I asked something similar a while ago:

http://www.bikeradar.com/forum/viewtopi ... highlight=

zammmmo

Regarding those mph-watts figures - up to 20mph they seem very roughly accurate for someone on a standard road bike in my opinion. After that they look very unaccurate I mean 600 watts for 28mph? - probably more like 400-450.

jgsi

I quite like the toy calculators on this
http://bikecalculator.com/

Useful as a guide

Gav888

Thanks for the info guys... i remembered reading a thread about power and did a quick search and couldnt find anything, so thanks for the links

avoidingmyphd

there is a plugin for sporttracks which claims to do this relatively accurately.
it needs to know your bike and tyre data etc and combines them with weather info to analyse your rides.

never used it though...

Anonymous

Meh, it's inaccurate postulating without a power meter.

Unless you have a powermeter don't worry about power!

volvicspar

I put my stats into that calculator above up my local "tough" hill and it said I am outputting 800watts :P I don't think that is right!

BeaconRuth

Gav888 wrote:

Is it possible to calculate your power output without using a power meter, even if its a rough estimate?

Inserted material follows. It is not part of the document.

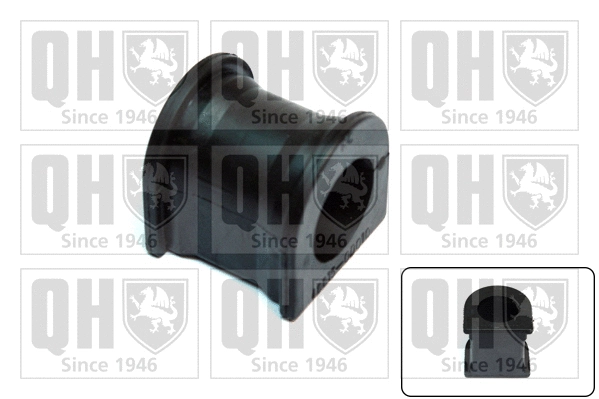 Suspension, stabilisateur QUINTON HAZELL EMB6982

No. I wouldn't even bother trying. But if you can't afford to buy a powermeter you could always hire one for a while. It really isn't very expensive in the grand scheme of things. This is the place to go: http://www.cyclepowermeters.com/

Ruth

Alex_Simmons/RST

The only time one can estimate power output is on steep hillclimbs, where many of the uncontrollable variables are reduced somewhat and a large proportion of the power is going to overcome gravity. Even then, it is only a guesstimate. There are many, many variables, meaning power measurement is really the only way to know.

JohnWilky

Although there are some who have developed some models for estimating;

http://analyticcycling.com/ForcesPower_Page.html

John.

Alex_Simmons/RST

JohnWilky wrote:

Although there are some who have developed some models for estimating;

http://analyticcycling.com/ForcesPower_Page.html

John.

Yes, but you then need to know all of the variables in question, which unless you've been to a wind tunnel, or have a power meter in the first place, you'll never really know and any such numbers will be, at best, rough guesstimates.

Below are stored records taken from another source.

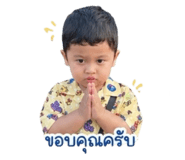 841707264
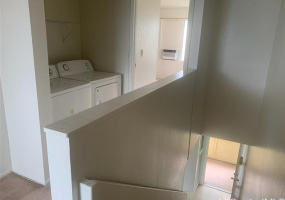 46-232 Kahuhipa Street,Kaneohe,Hawaii,96744,2 ベッドルーム ベッドルーム,1 バスルームバスルーム,コンド / タウンハウス,Kahuhipa,2,18288033
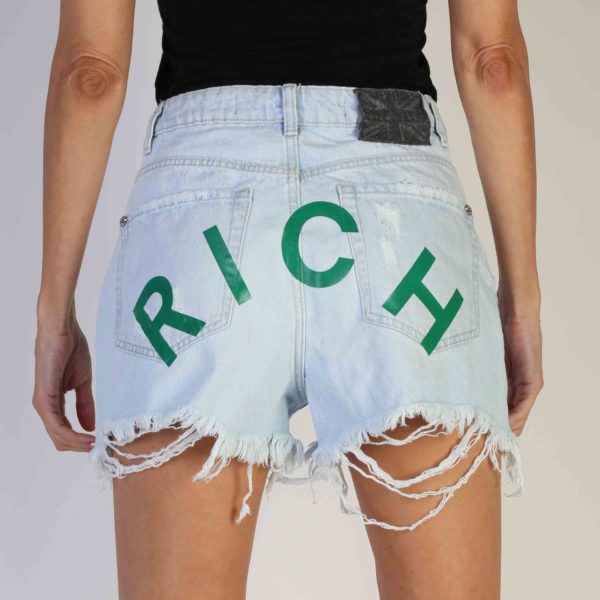 Richmond – Image 2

Also AC doesn't provide for a wind vector.

Putting wind aside, as an example, I rider I coach set a new masters world record for the hour a few weeks ago. 48.317 km. His average power was 302 watts.

At 300W, I would travel maybe 42 km/h on the same velodrome.

Or put it another way:

At 48.3km/h he does 302W
At the same speed I need to do 440W.

On a dead flat road, no wind, on my road bike, to do 48.3km/h, I'd need to put out well in excess of 500 watts.

But this is because:
a. I know what the variables are for myself and my riders
b. I use power meters

Hence, unless you know all of the variables, there's not much point speculating.

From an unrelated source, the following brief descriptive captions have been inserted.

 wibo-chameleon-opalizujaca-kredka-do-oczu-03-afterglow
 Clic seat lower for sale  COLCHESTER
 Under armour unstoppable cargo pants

BTW - I've developed same model (except I solved the equations in excel so don't need to use Tom's excellent website tools).

James_London

You guys are a little negative on the OP's request...

If you want to know 'what you are able to produce' do the longest climb you can find at your maximum sustainable pace and use Friel's simple formula to calculate your average power:

http://www.trainingbible.com/joesblog/2 ... rmula.html

I've just looked at the prediction versus my SRM data for a few long climbs and it's within 2% which whilst it isn't perfect, gives you a reasonable idea. Then have a look where that puts you in terms of Watts/Kg here:

http://home.trainingpeaks.com/articles/ ... iling.aspx

If you can get a 20 minute climb you can get an idea of your FTP (95% of your 20 minute average as a guide) which is really what you want to know but you can look at 5 minute in the table.

Alex - As an aside, I was surprised by the average power for that hour record. Whilst the guy's tiny, 4.0 W/Kg isn't that special. Is the record not that hotly contested?

Alex_Simmons/RST

James_London wrote:

You guys are a little negative on the OP's request...

Hey, I already said a steep hillclimb was the only place one can make such as estimate.

James_London wrote:

Alex - As an aside, I was surprised by the average power for that hour record. Whilst the guy's tiny, 4.0 W/Kg isn't that special. Is the record not that hotly contested?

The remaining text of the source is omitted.